AIM OF THE TASK: The lines below must be transcribed exactly as given, with the images removed.

INFORMATION PROVIDED:
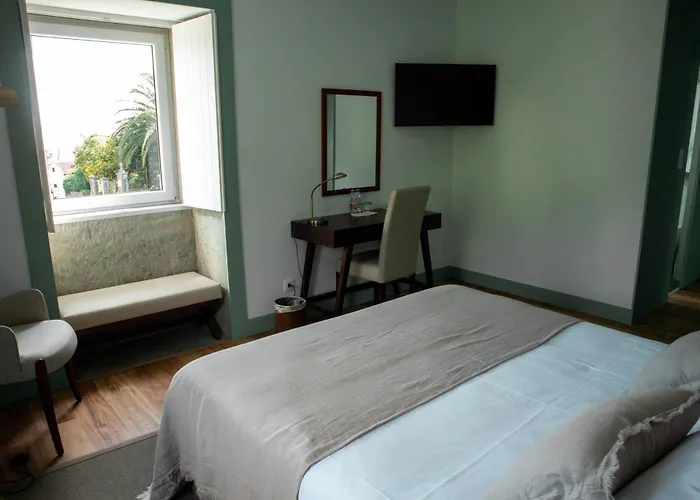 Franco Da Serra ファームステイ *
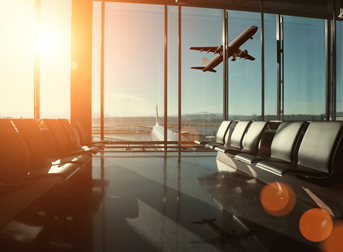 Travel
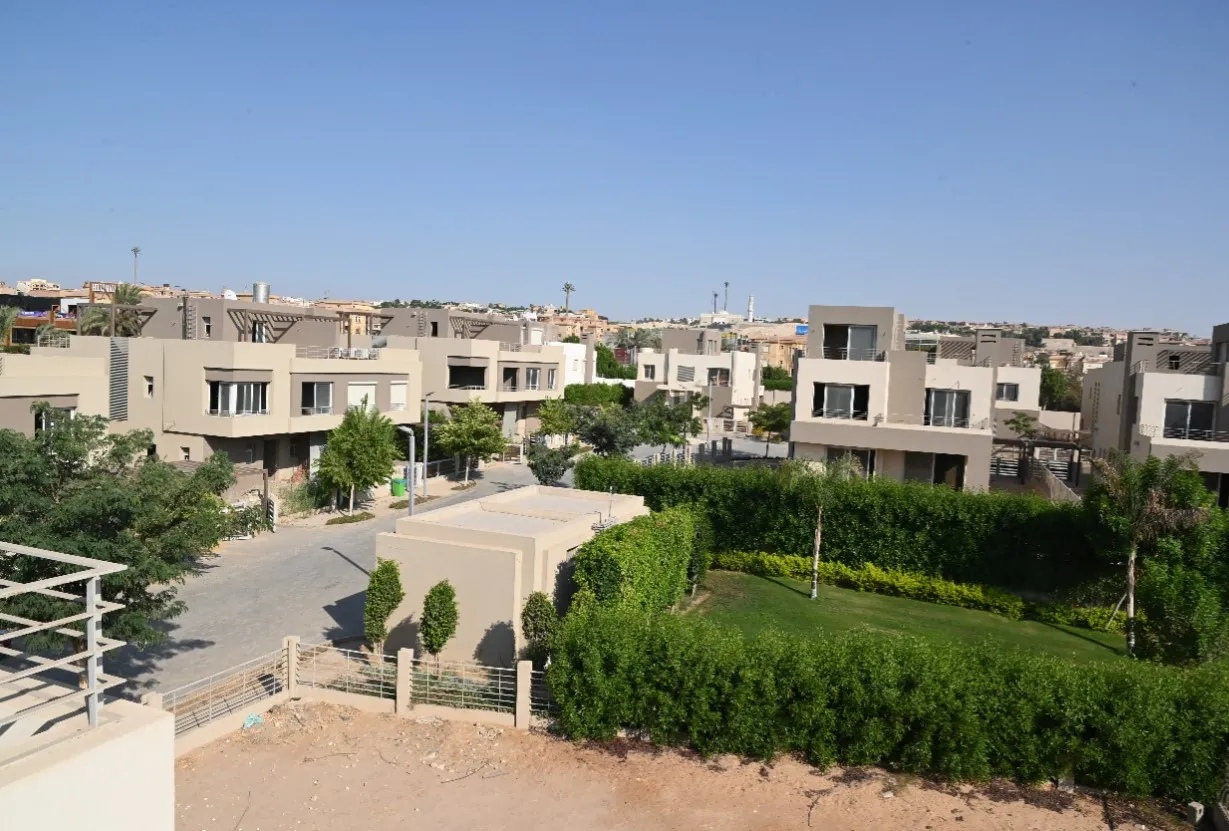 for sale in Palm Valley in of 0 m² with 0 bedrooms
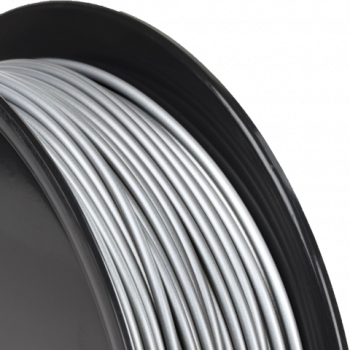 Voltivo ExcelFil  Arctic Silver ABS 1.75 mm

OUTPUT FOR THIS EXERCISE:
 Franco Da Serra ファームステイ *
 Travel
 for sale in Palm Valley in of 0 m² with 0 bedrooms
 Voltivo ExcelFil  Arctic Silver ABS 1.75 mm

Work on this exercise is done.